L'incel horror, au lieu de jouer simplement sur les codes classique du film d'horreur classique, va en permanence questionner la réalité par un scénario instaurant une double lecture extrêmement inconfortable, car touchant des cordes sensibles pour beaucoup de personnalités - un malaise primal, en somme.
Si la première lecture de la narration du film, son premier degré, est simple - un jeune homme raide dingue d'une jeune femme va devenir la cible d'une obsession permanente et maladive de celle-ci, le second niveau de narration s'insinue très rapidement dans le film, d'abord par des détails, puis par des indices de plus en plus flagrants que le spectateur ne peut plus, logiquement, cacher sous le tapis : on peut penser évidemment à la scène présentée comme une possession en pleine nuit, qui peut-être lue comme l'emprise réelle et renversée de Bear sur Nikki.

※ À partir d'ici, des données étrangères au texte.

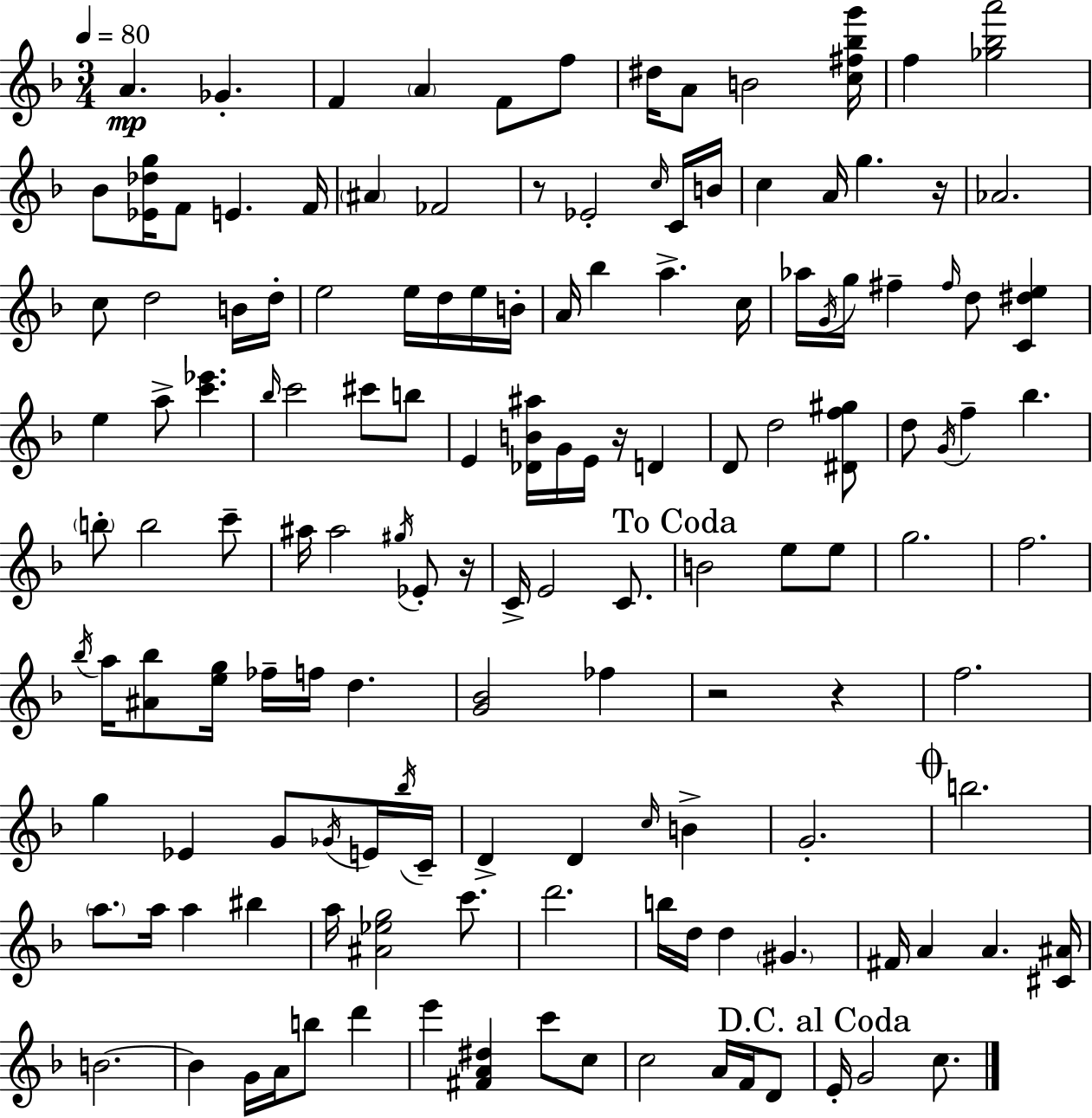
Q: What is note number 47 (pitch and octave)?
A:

À mon sens, l'inconfort profond ressenti au visionnage est lié au tiraillement entre ces deux lectures contradictoires, qui déchirent littéralement le spectateur. À l'instar de films comme Saint Maud, auquel le mécanisme narratif peut se rapprocher, Obsession nécessite une remise en question permanente de ce qui est présenté - l'analyse de ce qui n'est pas dit clairement mais sous-tendu.
À noter un final particulier - à la différence de Saint-Maud où le final guide clairement le spectateur vers une des narrations, Obsession préfère rester fidèle à lui-même et conserver sa double lecture. Mais le spectateur est déjà piégé, et de façon un peu vicieuse. En effet, le fil de la narration l'a déjà obligé à privilégier la narration alternative (c'est-à-dire la narration féministe, celle où l'emprise vient bien de Bear et non de Nikki). Comble de son aveuglement et de sa lâcheté, il préférera en finir plutôt que d'affronter sa vérité.
De façon personnelle, je trouve cet incel horror beaucoup plus malaisant, et au final, beaucoup plus éprouvant, qu'un film d'horreur classique au scénario convenu. Celui-ci en constitue un exemple particulièrement réussi et troublant.